The 53 byte ATM cell is less efficient than the bigger frames and packets of Frame Relay and X.25. Furthermore, the ATM cell has at least 5 bytes of overhead for each 48-byte payload. When the cell is carrying segmented network layer packets, the overhead will be higher because the ATM switch must be able to reassemble the packets at the destination. A typical ATM line needs almost 20% greater bandwidth than Frame Relay to carry the same volume of network layer data.
ATM offers both PVCs and SVCs, although PVCs are more common with WANs.
As with other shared technologies, ATM allows multiple virtual circuits on a single leased line connection to the network edge.

Leased Line / X.25 /

2.2.3 Leased Line
When permanent dedicated connections are required, leased lines are used with capacities ranging up to 2.5 Gbps.
A point-to-point link provides a pre-established WAN communications path from the customer premises through the provider network to a remote destination. Point-to-point lines are usually leased from a carrier and are called leased lines. Leased lines are available in different capacities. These dedicated circuits are generally priced based on bandwidth required and distance between the two connected points. Point-to-point links are generally more expensive than shared services such as Frame Relay. The cost of leased-line solutions can become significant when they are used to connect many sites. There are times when cost of the leased line is outweighed by the benefits. The dedicated capacity gives no latency or jitter between the endpoints. Constant availability is essential for some applications such as electronic commerce.
A router serial port is required for each leased-line connection. A CSU/DSU and the actual circuit from the service provider are also required.
Leased lines are used extensively for building WANs and give permanent dedicated capacity.

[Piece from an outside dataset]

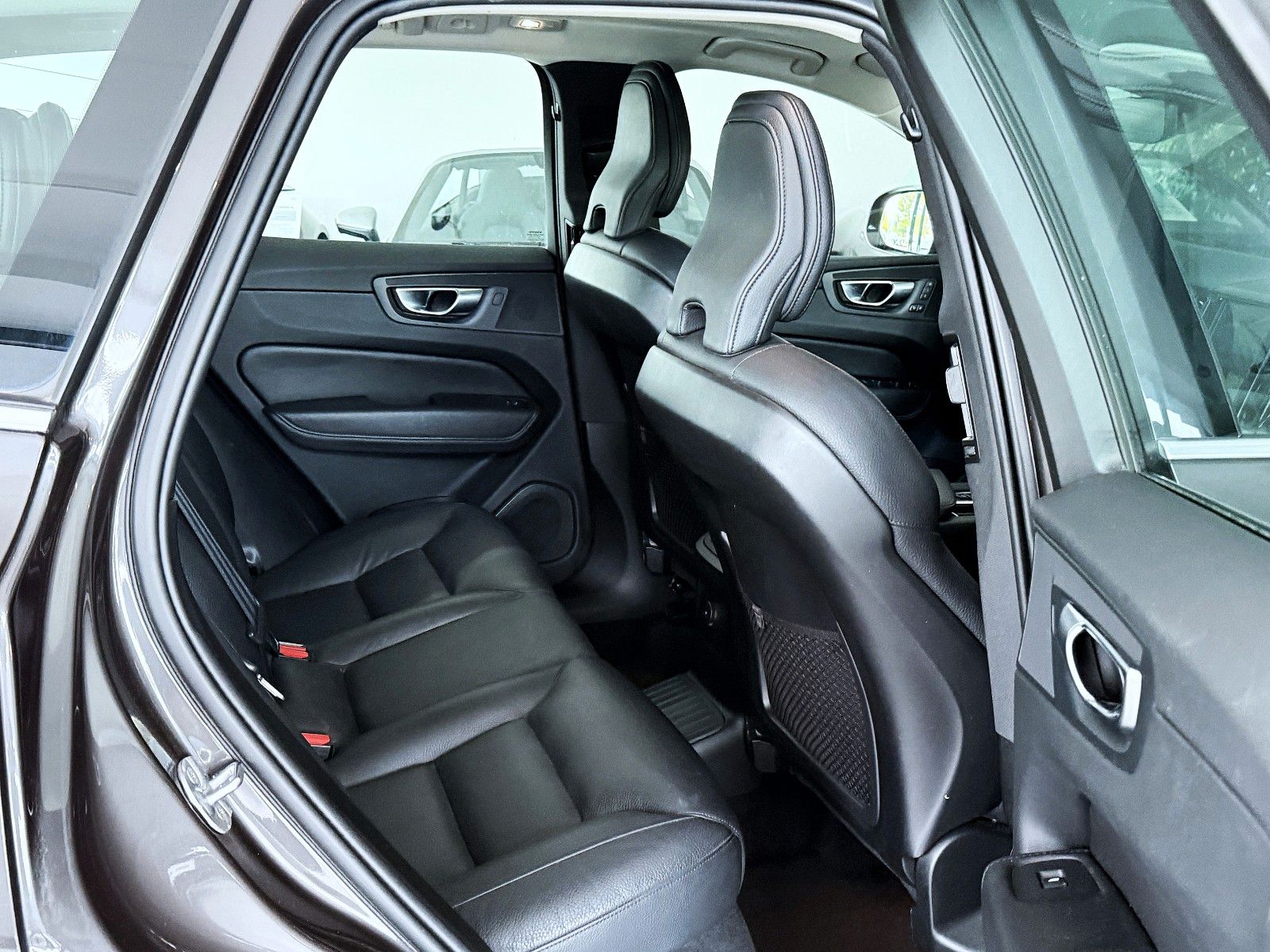 Volvo XC60 T6 Plus Bright Plug-In Hybrid AWD *LED*KAM foto 12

They have been the traditional connection of choice but have a number of disadvantages. WAN traffic is often variable and leased lines have a fixed capacity. This results in the bandwidth of the line seldom being exactly what is needed. In addition, each end point would need an interface on the router which would increase equipment costs. Any changes to the leased line generally require a site visit by the carrier to change capacity.
Leased lines provide direct point-to-point connections between enterprise LANs and connect individual branches to a packet-switched network. Several connections can be multiplexed over a leased line, resulting in shorter links and fewer required interfaces.

2.2.4   X.25
In response to the expense of leased lines, telecommunications providers introduced packet-switched networks using shared lines to reduce costs. The first of these packet-switched networks was standardized as the X.25 group of protocols. X.25 provides a low bit rate shared variable capacity that may be either switched or permanent.
X.25 is a network-layer protocol and subscribers are provided with a network address. Virtual circuits can be established through the network with call request packets to the target address. The resulting SVC is identified by a channel number. Data packets labeled with the channel number are delivered to the corresponding address. Multiple channels can be active on a single connection.
Subscribers connect to the X.25 network with either leased lines or dialup connections. X.25 networks can also have pre-established channels between subscribers that provide a PVC.
X.25 can be very cost effective because tariffs are based on the amount of data delivered rather than connection time or distance. Data can be delivered at any rate up to the connection capacity. This provides some flexibility. X.25 networks are usually low capacity, with a maximum of 48 kbps. In addition, the data packets are subject to the delays typical of shared networks.
X.25 technology is no longer widely available as a WAN technology in the US. Frame Relay has replaced X.25 at many service provider locations.
Typical X.25 applications are point-of-sale card readers. These readers use X.25 in dialup mode to validate transactions on a central computer. Some enterprises also use X.25 based value-added networks (VAN) to transfer Electronic Data Interchange (EDI) invoices, bills of lading, and other commercial documents. For these applications, the low bandwidth and high latency are not a concern, because the low cost makes the use of X.25 affordable.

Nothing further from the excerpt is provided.